Choose your favourite women’s tennis star and make the case for her in 2024, the Olympic season, and you’re sure you have a strong argument.
The 2023 WTA season wrapped up (for all intents and purposes) on Monday (6 November) as Iga Swiatek claimed her first WTA Finals title in Cancun and re-captured the world No.1 ranking from Aryna Sabalenka.
While Swiatek ends the year on a glowing high, it’s Sabalenka, Coco Gauff and Marketa Vondrousova who each hoisted a Grand Slam trophy this year for the first time, while Jessica Pegula, Ons Jabeur and Elena Rybakina all proved they’re here to stay in 2024.
So how does that set up the coming year, with another four majors and an Olympic title – on clay for the first time in 32 years – on the line? We take a look.
Iga Swiatek: Favoured for Paris 2024
Swiatek, the 22-year-old from Poland, started and ended the year as world No.1, but what happened in between is what may have been most formative for her.
After a dominant 2022 that saw her win nine titles and two majors, she was open about the pressure she faced as world No.1, and fell short of the semi-finals at each of the Australian Open, Wimbledon and US Open.
But she claimed a third Roland-Garros title in four years, and won six titles in total, closing the year on a tear by winning 12 of her 13 final matches and dispatching the field in Cancun, losing a record few 20 games in five matches and looking untouchable in a 6-1, 6-0 final vs. Pegula.
"I learned my lesson and this time I didn't want [being No.1] to have an impact on me," Swiatek said, having lost that ranking to Sabalenka at the US Open. “I just looked forward.”
What’s ahead for her in 2024 is a season where she’ll start as the top-ranked women’s player once again.

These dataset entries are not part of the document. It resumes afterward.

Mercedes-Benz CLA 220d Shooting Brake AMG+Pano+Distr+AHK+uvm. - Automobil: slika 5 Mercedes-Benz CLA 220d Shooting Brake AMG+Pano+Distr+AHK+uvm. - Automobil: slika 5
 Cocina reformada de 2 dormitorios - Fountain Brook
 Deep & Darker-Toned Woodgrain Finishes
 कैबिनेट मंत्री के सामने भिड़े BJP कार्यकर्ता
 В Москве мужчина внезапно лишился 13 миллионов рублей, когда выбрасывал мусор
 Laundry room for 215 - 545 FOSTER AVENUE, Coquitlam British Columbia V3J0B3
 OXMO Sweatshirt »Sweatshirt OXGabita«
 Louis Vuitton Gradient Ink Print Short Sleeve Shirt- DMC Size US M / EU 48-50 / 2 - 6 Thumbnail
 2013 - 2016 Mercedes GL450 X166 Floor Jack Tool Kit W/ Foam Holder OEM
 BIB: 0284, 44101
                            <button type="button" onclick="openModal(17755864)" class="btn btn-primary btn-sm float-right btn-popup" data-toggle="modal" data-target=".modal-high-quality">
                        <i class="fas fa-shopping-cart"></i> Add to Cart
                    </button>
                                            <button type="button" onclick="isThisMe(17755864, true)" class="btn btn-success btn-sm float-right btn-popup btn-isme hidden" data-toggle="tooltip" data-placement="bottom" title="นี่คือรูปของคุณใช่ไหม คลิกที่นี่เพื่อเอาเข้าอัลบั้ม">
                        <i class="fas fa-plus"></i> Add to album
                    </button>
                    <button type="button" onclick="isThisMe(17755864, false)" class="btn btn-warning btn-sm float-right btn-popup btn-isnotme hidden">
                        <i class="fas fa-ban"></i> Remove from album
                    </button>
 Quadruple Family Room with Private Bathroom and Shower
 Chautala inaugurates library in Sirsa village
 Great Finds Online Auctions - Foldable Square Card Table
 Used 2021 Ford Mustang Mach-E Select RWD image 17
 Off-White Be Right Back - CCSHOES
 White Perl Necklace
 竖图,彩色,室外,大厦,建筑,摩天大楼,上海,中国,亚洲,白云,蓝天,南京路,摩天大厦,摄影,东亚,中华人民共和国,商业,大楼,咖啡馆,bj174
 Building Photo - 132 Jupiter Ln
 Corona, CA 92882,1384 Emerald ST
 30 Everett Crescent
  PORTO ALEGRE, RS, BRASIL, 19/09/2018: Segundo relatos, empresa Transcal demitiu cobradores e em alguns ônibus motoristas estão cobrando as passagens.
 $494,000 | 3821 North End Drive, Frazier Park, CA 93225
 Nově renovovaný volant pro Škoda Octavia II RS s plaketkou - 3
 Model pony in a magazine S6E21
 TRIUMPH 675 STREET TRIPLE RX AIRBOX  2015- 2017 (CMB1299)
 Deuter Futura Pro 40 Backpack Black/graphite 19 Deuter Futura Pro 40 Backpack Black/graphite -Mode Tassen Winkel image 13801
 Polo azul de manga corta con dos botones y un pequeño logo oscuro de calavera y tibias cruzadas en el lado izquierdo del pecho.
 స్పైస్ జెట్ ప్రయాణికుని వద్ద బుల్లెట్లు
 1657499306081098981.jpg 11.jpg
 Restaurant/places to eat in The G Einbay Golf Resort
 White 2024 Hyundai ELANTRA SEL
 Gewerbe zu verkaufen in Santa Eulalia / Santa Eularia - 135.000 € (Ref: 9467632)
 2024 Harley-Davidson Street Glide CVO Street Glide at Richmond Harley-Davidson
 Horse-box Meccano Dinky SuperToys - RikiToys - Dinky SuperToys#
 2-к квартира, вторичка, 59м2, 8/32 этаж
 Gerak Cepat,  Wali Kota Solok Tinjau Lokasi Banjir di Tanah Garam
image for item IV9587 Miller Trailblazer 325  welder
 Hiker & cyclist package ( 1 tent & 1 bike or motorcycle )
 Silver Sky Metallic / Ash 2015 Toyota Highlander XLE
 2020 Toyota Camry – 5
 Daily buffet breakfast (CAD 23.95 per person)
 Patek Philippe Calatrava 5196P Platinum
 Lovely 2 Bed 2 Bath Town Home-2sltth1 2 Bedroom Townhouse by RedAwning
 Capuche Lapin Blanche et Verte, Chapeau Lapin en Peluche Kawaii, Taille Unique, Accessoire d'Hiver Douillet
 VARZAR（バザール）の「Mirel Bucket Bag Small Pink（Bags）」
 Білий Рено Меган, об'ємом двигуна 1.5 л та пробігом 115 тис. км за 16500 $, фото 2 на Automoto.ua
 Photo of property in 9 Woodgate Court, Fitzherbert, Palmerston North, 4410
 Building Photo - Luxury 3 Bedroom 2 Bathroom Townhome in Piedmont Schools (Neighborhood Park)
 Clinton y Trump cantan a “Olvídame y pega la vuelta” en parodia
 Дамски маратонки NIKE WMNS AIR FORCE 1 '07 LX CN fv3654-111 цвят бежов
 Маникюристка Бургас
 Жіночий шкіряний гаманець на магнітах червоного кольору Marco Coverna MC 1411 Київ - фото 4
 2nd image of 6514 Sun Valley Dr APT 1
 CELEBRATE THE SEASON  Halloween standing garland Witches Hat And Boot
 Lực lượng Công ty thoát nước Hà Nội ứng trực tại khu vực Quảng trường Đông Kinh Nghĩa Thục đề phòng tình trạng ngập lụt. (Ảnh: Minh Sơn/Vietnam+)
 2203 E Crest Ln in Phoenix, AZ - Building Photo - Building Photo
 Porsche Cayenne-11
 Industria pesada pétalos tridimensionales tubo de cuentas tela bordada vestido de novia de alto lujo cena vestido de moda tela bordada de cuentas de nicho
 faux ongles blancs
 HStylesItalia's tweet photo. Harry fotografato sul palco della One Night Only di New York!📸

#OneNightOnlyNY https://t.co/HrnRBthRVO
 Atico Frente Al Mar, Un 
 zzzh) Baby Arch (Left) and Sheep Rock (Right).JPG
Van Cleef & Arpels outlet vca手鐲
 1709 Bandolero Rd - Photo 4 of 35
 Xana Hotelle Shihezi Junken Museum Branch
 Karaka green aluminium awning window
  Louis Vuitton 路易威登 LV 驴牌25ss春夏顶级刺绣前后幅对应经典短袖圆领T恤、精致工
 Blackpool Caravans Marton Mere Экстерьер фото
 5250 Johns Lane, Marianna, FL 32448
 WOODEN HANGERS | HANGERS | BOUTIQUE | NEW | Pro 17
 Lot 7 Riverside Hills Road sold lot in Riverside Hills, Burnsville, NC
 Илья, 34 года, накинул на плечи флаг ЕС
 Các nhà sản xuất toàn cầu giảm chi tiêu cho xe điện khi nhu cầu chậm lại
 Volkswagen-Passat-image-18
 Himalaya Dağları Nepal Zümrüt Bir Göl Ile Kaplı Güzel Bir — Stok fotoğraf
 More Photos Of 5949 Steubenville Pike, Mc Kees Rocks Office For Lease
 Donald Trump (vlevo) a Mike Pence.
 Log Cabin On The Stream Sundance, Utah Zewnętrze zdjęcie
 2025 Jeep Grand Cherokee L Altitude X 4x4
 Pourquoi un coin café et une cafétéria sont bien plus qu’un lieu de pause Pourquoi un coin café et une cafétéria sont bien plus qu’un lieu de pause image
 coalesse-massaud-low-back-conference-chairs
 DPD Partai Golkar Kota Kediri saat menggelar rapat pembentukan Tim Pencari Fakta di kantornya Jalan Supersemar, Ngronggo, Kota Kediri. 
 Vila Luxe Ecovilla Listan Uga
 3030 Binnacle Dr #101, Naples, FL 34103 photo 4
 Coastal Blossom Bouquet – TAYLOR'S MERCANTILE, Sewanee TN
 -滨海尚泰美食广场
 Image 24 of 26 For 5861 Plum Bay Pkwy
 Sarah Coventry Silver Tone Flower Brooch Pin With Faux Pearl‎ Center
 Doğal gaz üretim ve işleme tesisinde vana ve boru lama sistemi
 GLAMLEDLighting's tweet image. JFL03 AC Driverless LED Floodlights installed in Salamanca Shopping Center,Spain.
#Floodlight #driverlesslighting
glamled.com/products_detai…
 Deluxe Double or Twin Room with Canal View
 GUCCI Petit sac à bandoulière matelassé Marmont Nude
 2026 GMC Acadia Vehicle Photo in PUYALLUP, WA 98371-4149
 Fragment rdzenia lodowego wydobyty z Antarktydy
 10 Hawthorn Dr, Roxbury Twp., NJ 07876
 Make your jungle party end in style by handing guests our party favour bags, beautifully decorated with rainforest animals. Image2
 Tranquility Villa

And while experience is on her side, so is the Olympic surface, with Paris 2024 set to be contested on clay (at Stade Roland-Garros), a first for the Games since Barcelona 1992.
Of note: Swiatek is 49-5 on red clay over the last three seasons.
Coco Gauff: Buoyed by US Open title
Over four years after Gauff had a seismic breakthrough at Wimbledon at age 15, the American captured her first major title – and at her home Slam, no less.
Gauff’s run at the US Open in September came after a first-round crash-out at Wimbledon spurred her to take stock: She hired a new coaching team, changed her mentality and went on to win titles in Washington, D.C., Cincinnati and New York – each one bigger than the last.
Like Swiatek, the 19-year-old has one gear: Forward.
“I tend to look towards the next thing,” she told reporters in Cancun. “[In the off-season], I think we'll have enough time to reflect and be proud of all the things I've done, but also look for improvement on how I can do even better.”
Gauff being “even better” is dangerous for the other top stars, and she’ll like her chances at the Olympics, too: She is the 2022 Roland-Garros runner-up, and has long been outspoken for her affinity for red clay.
Sabalenka, Pegula, Vondrousova & 'the mums'
While Swiatek and Gauff have often grabbed the headlines in 2023, it’s Sabalenka who claimed a lifelong goal of the world No.1 ranking – as well as her first major title at the Australian Open in January, fending off Rybakina in a thrilling championship tilt.
In fact, no one was better or more consistent than Sabalenka at the four Grand Slams in 2023: She went 23-3 across the majors, finishing as runner-up to Gauff in New York and making two more semi-finals.
Pegula and Vondrousova can be lethal in different ways, too, the American beating each of Sabalenka, Gauff and Rybakina before being stopped in the final by a red-hot Iga in Cancun. Her consistency often masks her power, which she made known this past week in an interview, and makes her a threat across all four Slams – and the Olympics.
Vondrousova is the reigning Olympic silver medallist, and with the Tokyo champion Belinda Bencic announcing her pregnancy this week, she will have all eyes on her for what promises to be a strong Czechia team should she qualify. And don’t forget: She’s the 2019 Roland-Garros runner-up... another player who is undeterred by any surface.
What does the crystal tennis ball say for 2024?
Don’t leave out the likes of Rybakina, the 2022 Wimbledon winner who quietly had a forceful, consistent season - or Jabeur, the three-time Slam finallist who appeared to run out of gas in the latter half of the season.
It’s also a season of returns in 2024: Naomi Osaka has promised she’s coming back after giving birth in July; as has two-time major champ and Rio 2016 silver medallist Angelique Kerber. Throw in the already-in-the-making comebacks of fellow mums Caroline Wozniacki and Elina Svitolina and the tour is bursting with storylines – and little ones! – for the coming year.
And the dangerous thing? There's another dozen players who are more than capable to crashing this elite party in 2024.